**** RECORDED DATA ****

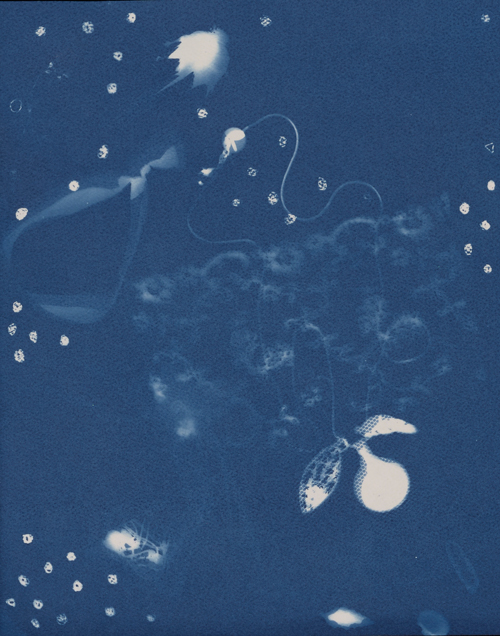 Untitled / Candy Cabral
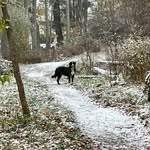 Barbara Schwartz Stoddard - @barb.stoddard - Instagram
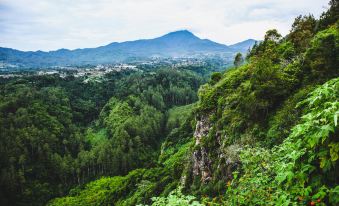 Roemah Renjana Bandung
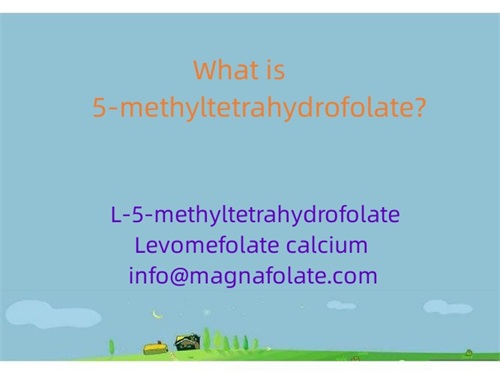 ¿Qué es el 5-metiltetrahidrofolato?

****

- DIRECTIONS FOR THIS TASK:
Copy out the whole listing exactly, and don't carry over any pictures.

- ANSWER SPACE:
 Untitled / Candy Cabral
 Barbara Schwartz Stoddard - @barb.stoddard - Instagram
 Roemah Renjana Bandung
 ¿Qué es el 5-metiltetrahidrofolato?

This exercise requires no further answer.